-- REQUIRED ACTION --
Would you transcribe the lines running from the one that holds "Casa en venta" to the last line of the records? Leave every picture out.

(Captioned web image data)
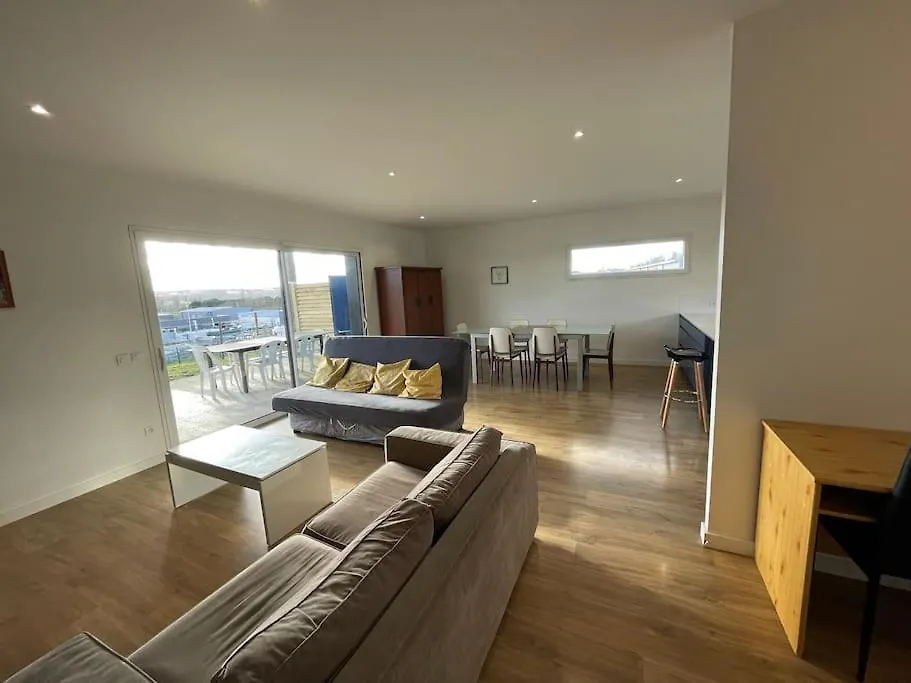 Maison 10 Personnes Gragnague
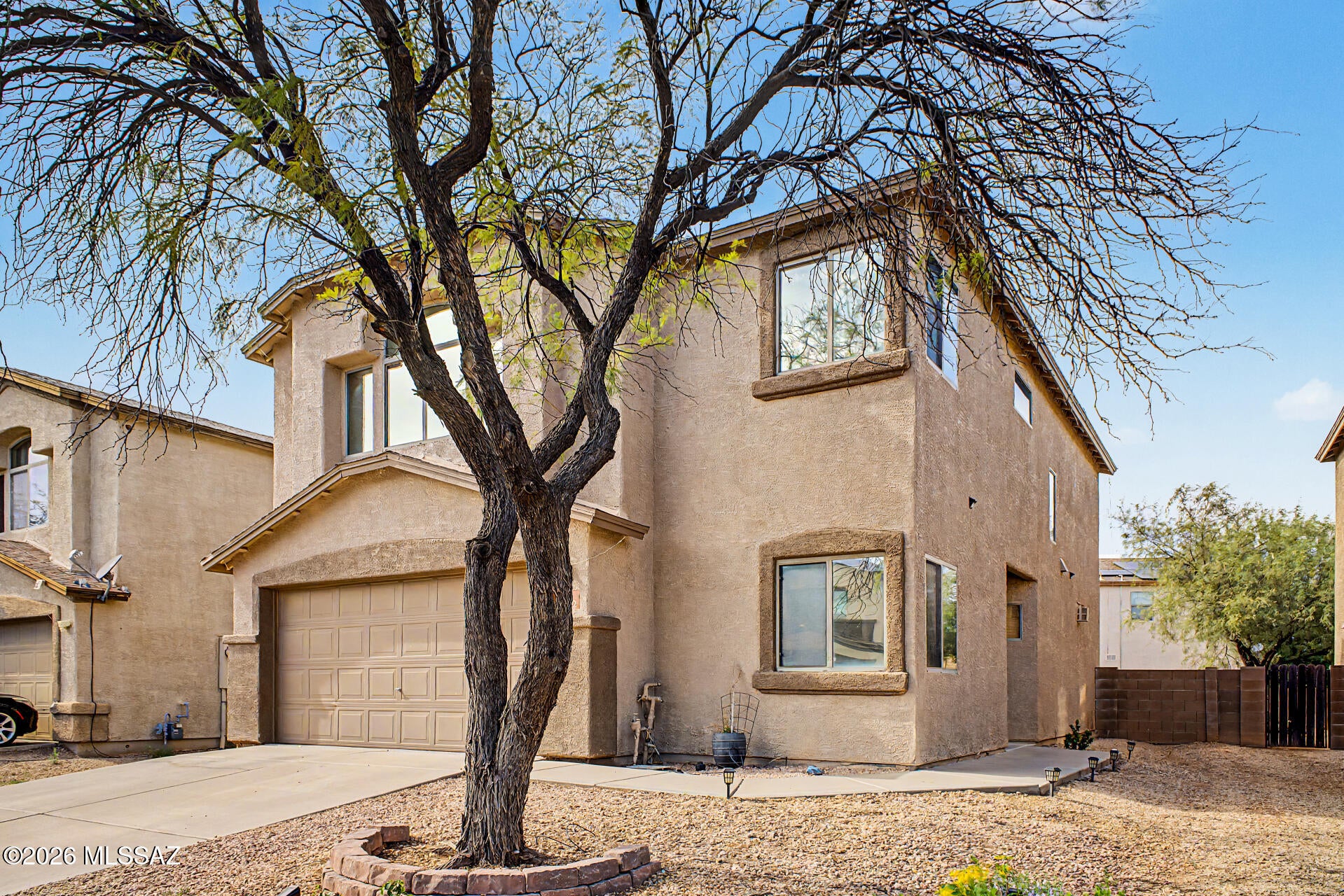 Sonoran Ranch Villages - Residential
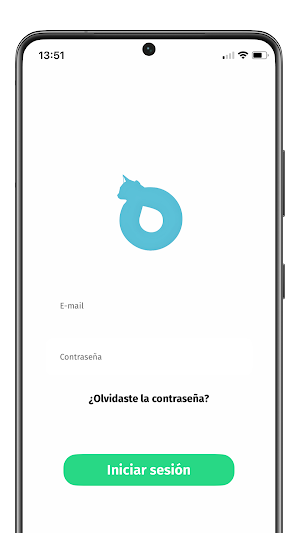 DIMU Partners Screenshot 0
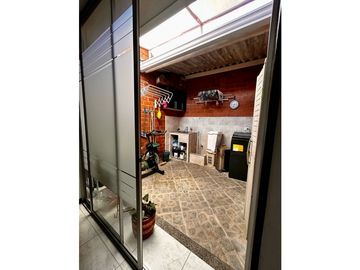 Casa en venta en conjunto residencial Barrio Valle del Lili Cali Valle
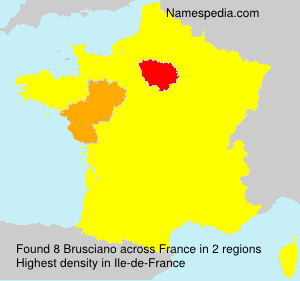 Brusciano Brusciano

-- TASK ANSWER --
 Casa en venta en conjunto residencial Barrio Valle del Lili Cali Valle
 Brusciano Brusciano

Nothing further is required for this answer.